Fui confiante, com uma felicidade rara – do tipo temporária, falsa, mas otimista, coisa que nunca fui. Afinal, não é todo ano que começa com uma formatura depois de quatro anos de suados pagamentos. Nem que se inicia num trabalho novo, na área em que se estudou, com um salário razoável, e em uma empresa promissora. Sem contar em realizar o tão sonhado “morar sozinha”. Quantos anos mesmo eu tinha? Não faz tanto tempo assim, mas parece que sim.

Foi lá nessa cidade ou nessa idade que conheci alguém muito especial, daqueles que o coração vê primeiro, antes dos olhos – porque os olhos, meus amigos, enganam muito.

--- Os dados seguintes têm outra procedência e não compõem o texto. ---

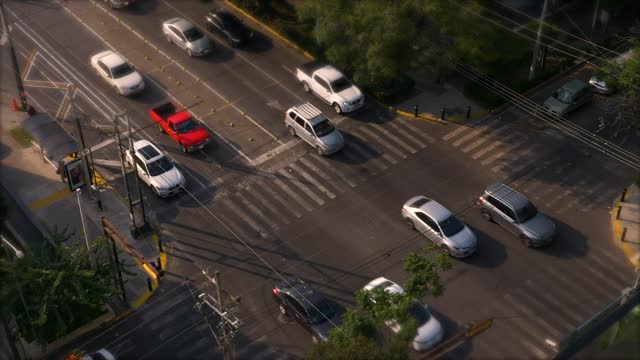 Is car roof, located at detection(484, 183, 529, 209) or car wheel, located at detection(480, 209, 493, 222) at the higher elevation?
car roof, located at detection(484, 183, 529, 209)

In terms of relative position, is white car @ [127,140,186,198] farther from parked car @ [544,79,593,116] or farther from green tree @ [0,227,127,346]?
parked car @ [544,79,593,116]

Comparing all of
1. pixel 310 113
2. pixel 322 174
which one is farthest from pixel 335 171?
pixel 310 113

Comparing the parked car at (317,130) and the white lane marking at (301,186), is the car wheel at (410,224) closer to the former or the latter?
the white lane marking at (301,186)

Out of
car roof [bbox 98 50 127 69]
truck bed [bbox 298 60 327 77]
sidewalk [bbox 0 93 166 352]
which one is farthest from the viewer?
car roof [bbox 98 50 127 69]

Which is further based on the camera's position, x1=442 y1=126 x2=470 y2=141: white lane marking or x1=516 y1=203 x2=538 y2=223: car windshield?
x1=442 y1=126 x2=470 y2=141: white lane marking

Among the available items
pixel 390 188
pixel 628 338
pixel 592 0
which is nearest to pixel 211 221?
pixel 390 188

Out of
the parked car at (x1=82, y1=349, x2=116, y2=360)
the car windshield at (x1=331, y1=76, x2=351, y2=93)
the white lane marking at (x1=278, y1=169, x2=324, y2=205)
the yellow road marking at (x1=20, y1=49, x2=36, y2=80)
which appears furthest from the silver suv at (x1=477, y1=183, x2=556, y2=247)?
the yellow road marking at (x1=20, y1=49, x2=36, y2=80)

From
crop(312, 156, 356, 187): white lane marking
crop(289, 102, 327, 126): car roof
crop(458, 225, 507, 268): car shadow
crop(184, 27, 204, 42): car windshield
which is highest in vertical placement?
crop(184, 27, 204, 42): car windshield

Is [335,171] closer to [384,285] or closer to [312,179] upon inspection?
[312,179] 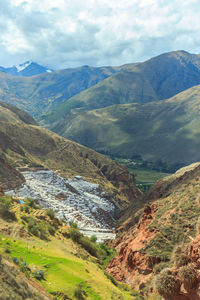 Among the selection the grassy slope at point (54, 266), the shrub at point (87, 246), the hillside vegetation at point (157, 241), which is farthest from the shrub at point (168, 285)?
the shrub at point (87, 246)

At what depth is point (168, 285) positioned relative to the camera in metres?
10.7

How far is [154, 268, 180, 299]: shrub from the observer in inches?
420

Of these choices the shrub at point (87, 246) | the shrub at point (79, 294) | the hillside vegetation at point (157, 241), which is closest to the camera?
the shrub at point (79, 294)

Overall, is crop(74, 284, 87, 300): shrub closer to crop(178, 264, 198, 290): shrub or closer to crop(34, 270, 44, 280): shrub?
crop(34, 270, 44, 280): shrub

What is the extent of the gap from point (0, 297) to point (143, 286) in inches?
734

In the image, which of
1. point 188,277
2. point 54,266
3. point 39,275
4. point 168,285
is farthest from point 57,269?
point 188,277

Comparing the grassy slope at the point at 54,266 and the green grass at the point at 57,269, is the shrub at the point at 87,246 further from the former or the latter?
the green grass at the point at 57,269

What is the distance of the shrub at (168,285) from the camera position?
1067 centimetres

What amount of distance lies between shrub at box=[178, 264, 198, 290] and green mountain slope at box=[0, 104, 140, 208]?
235 ft

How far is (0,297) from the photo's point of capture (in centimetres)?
858

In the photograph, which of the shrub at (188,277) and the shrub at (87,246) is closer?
the shrub at (188,277)

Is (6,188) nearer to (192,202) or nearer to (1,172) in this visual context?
(1,172)

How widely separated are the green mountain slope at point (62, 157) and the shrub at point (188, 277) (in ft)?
235

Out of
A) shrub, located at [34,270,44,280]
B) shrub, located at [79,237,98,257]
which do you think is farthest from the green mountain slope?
shrub, located at [34,270,44,280] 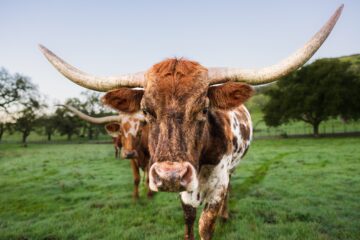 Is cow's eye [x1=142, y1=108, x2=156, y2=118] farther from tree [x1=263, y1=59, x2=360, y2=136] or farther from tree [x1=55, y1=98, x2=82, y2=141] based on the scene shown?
tree [x1=55, y1=98, x2=82, y2=141]

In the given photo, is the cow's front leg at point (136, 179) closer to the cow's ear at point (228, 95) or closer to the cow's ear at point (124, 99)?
the cow's ear at point (124, 99)

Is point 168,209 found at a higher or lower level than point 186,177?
lower

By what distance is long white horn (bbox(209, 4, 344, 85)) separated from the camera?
259 centimetres

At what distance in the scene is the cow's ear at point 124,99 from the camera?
323cm

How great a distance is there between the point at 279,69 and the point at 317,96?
3705 cm

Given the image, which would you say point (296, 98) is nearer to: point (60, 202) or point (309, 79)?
point (309, 79)

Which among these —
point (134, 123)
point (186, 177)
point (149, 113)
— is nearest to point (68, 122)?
point (134, 123)

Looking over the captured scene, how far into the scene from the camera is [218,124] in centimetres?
349

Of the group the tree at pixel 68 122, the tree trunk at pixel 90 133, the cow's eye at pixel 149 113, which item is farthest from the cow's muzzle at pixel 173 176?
the tree at pixel 68 122

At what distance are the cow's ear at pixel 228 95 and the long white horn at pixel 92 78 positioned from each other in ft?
2.78

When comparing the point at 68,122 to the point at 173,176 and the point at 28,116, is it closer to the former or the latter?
the point at 28,116

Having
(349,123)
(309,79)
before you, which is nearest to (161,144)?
(309,79)

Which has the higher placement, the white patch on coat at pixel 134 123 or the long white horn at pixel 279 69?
the long white horn at pixel 279 69

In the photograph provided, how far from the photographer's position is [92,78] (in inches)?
133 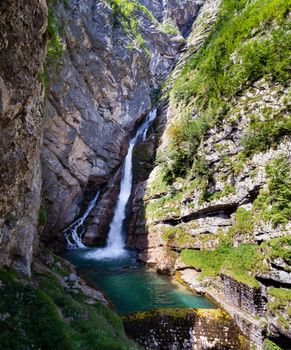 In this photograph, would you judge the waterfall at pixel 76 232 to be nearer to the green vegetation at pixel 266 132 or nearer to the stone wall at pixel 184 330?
the stone wall at pixel 184 330

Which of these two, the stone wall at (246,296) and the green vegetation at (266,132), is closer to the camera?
the stone wall at (246,296)

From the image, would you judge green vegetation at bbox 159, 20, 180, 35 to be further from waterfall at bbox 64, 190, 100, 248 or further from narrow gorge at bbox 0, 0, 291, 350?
waterfall at bbox 64, 190, 100, 248

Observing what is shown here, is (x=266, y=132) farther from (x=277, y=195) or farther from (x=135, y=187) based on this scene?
(x=135, y=187)

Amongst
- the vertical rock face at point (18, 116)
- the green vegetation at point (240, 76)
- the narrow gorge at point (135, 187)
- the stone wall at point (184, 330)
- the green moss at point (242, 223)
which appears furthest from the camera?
the green vegetation at point (240, 76)

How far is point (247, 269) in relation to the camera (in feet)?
46.3

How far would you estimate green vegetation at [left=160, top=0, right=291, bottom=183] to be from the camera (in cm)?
1846

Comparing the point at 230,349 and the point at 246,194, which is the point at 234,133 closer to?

O computador travou, o vinho está no final e eu também – travei e estou no final.

Reinicio, deixo a taça mais meio cheia do que meio vazia e sinto inveja dela.

Volto ao texto, à história. Onde foi que eu parei? Este foi o primeiro erro: eu não parei.

E aí vieram outros erros e algumas percepções: deixei de lado a família e os amigos também; podemos errar na escolha da área de atuação; o salário razoável se tornou menor que o necessário; dividir apartamento não é morar sozinha; de que adianta ser promissora se as portas não são igualmente abertas pra todos? São as atitudes que tornam as pessoas especiais ou apenas o que sentimos por elas ou ainda o medo de perdê-las?

É, eu tinha vinte e quatro. Uma menina.

Fiquei quase um ano carregando aquela bagagem que achei que tivesse deixado no passado e que estava aumentando a cada dia enquanto eu me fazia de forte até cair física e psicologicamente. Embora eu custasse a acreditar que meus problemas tinham um fundo absolutamente psíquico. Neguei pra todos e o fiz porque consegui me enganar por muito tempo.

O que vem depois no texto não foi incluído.